My name is Bob King and I work at the Duluth News Tribune in Duluth, Minn. as a photographer and photo editor. I'm also an amateur astronomer and have been keen on the sky since age 11. My modest credentials include membership in the American Association of Variable Star Observers (AAVSO) where I'm a regular contributor, International Meteorite Collectors Assn. and Arrowhead Astronomical Society. I also teach community education astronomy classes at our local planetarium.

15 thoughts on “Will Comet L4 PANSTARRS live up to expectations? A reality check

  1. When will the next highly visible comet appear in the northern hemisphere. Do you recall how bright Hale-Bopp was in 1997? Any AstroBob photos of that one?

    • H. Bob,
      L4 PANSTARRS may still turn out well, but I’ll put my money on Comet C/2012 S1 ISON. That one may rival Hale-Bopp come December this year. Hale-Bopp was around zero to -1 magnitude at best.
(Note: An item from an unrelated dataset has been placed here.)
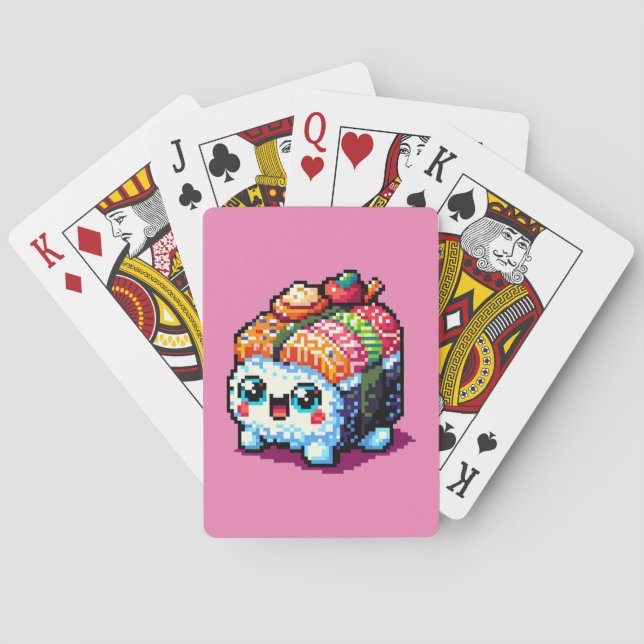 Sushi Companion - Playful Pixelated Culinary Art Poker Cards (Back)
Yes indeed I took many photos of it back in the days of film.

      • I’m always surprised by comparisons to Hale-Bopp as though it were a Great Comet. Sure, it was nice, but not terribly impressive, especially when compared with Comet Hyakutake just one year earlier. I think anyone who saw both would rate the visual impact of Hyakutake far higher. Of course, we take what we can get!

        • Mark,
          A lot of people were more impressed with Hyakutake. Even though it had one heck of a tail, I was more taken with Hale-Bopp. It was brighter and lingered around a long time in the naked eye range.
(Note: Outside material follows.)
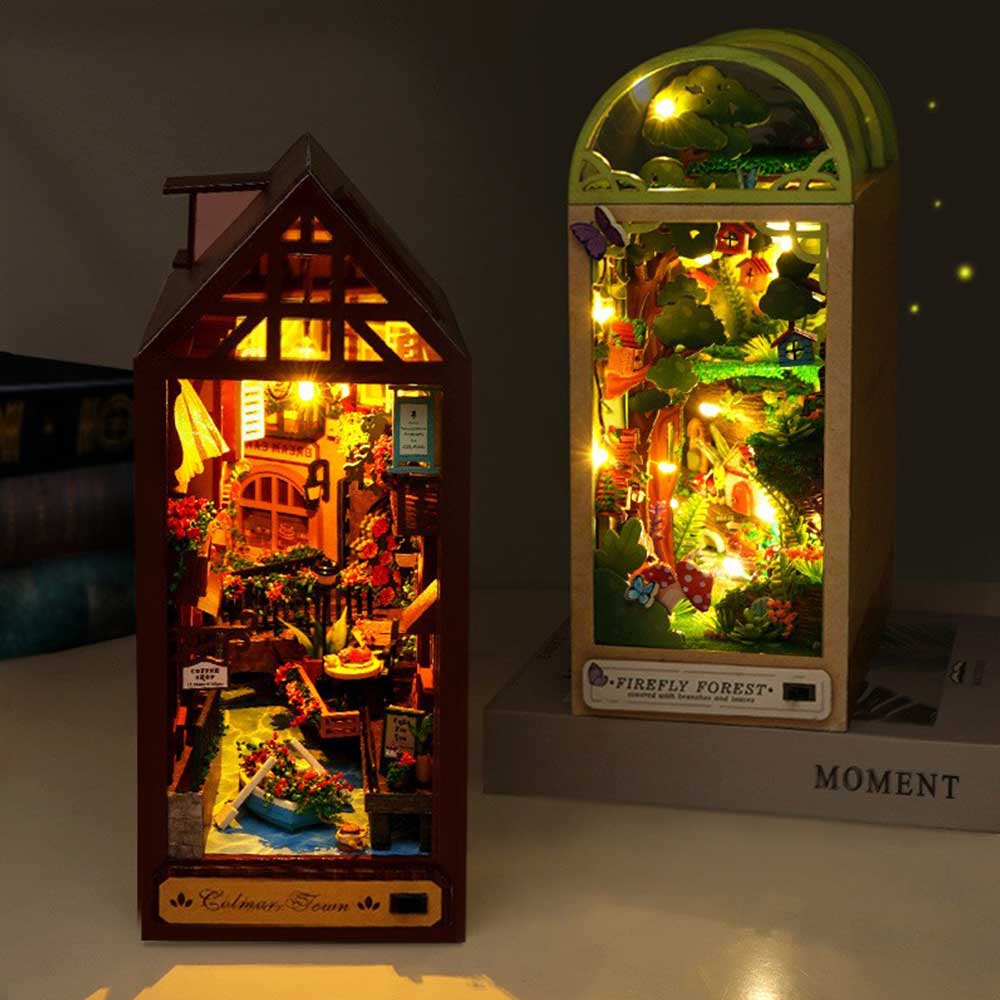 3D Wooden Puzzle Firefly Forest Christmas Eve French Alley Magic Book Nook Shelf Insert Kits Miniature House Bookshelf Dollhouse Bookend Toys for Kids Friends Gifts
  2. I am not making any predictions on ISON yet, but the most optimistic puts it at -21 magnitude. Even if it got that bright, it would not be brighter than Venus for more than 5 days.

      • H. Bob,
        That estimate is way, way over the top! I’ve heard estimates of -13 (which also seems a bit much). If that happens, it would only be around the time of perihelion when the comet is very close to the sun and only visible in the daytime sky. Of course I hope it does! With proper precautions, ISON might be visible to the naked eye despite the solar glare as a bright, small star-like point near the sun. Venus is around -4 magnitude and very bright when far from the sun in a dark sky. Close to the sun, it’s too faint to see with the naked eye.

  3. Starry Night programs show the tail of ISON being visable all night in Yellowknife Canada… lets all hope! Panstarrs might be a bust!!! But you never know… we will see after perehelion..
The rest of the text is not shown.